If you’re not used to being almost universally loathed, then the animosity of strangers in an enclosed environment is a incredibly confronting experience.
Last week I flew from London to Sydney with a six-month-old baby who had just gotten her first tooth. Suffice to say that neither she, nor I, nor any of our fellow passengers particularly enjoyed the trip. It was a 24 hour ordeal and by the end of the trip I was known to the people around me as “that areshole with the baby”.
Flying with kids is a tricky thing. On one hand it’s just a fact of life; having children doesn’t preclude you from needing to travel and it’s just not practical to take the train from the UK to Oz. On the other hand, a 24 hour flight in cattle class is a tough enough experience without having to be seated near a tiny, portable, air-raid siren with a penchant for shitting itself.

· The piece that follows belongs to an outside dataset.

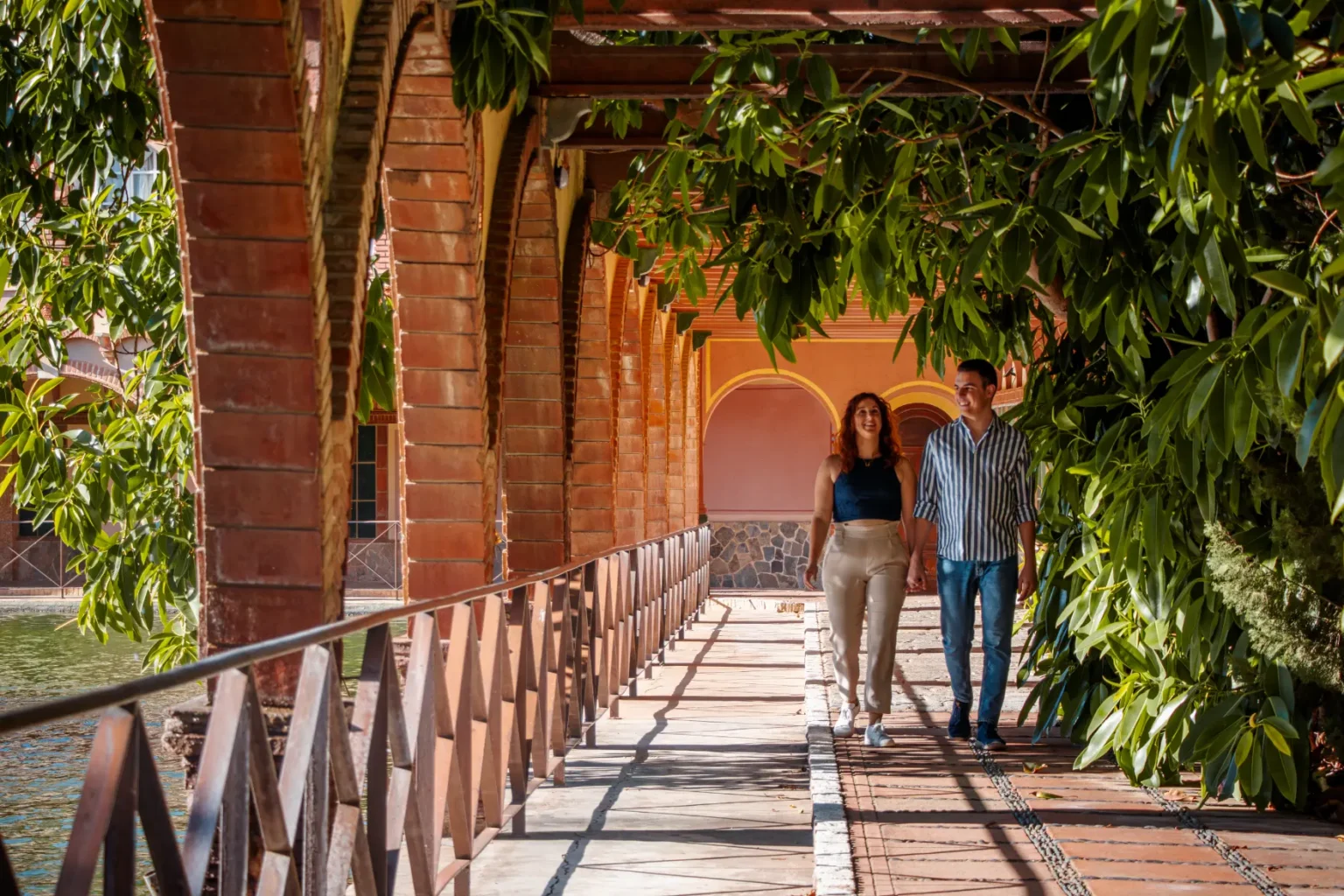 Photo of Hotel Termes Montbrió 5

I know what it’s like on the other side of the fence as I’ve been a childless man, travelling long-haul in close proximity to other people’s spawn. The Qantas, standard-issue headphones do nothing to drown out the crying and the gin trolley is too infrequent to make an alcohol induced coma a realistic option. The most optimistic strategy when you’re near a baby on a plane (apart from wishing for an upgrade) is hope that your brain identifies the pitch of the screaming children and blocks all aural input received on those frequencies. Unfortunately, the human brain is rarely that obliging, and so all you can really do is try to watch a succession of heavily edited movies while pretending that the crying you can hear is just the world’s least enjoyable director’s commentary.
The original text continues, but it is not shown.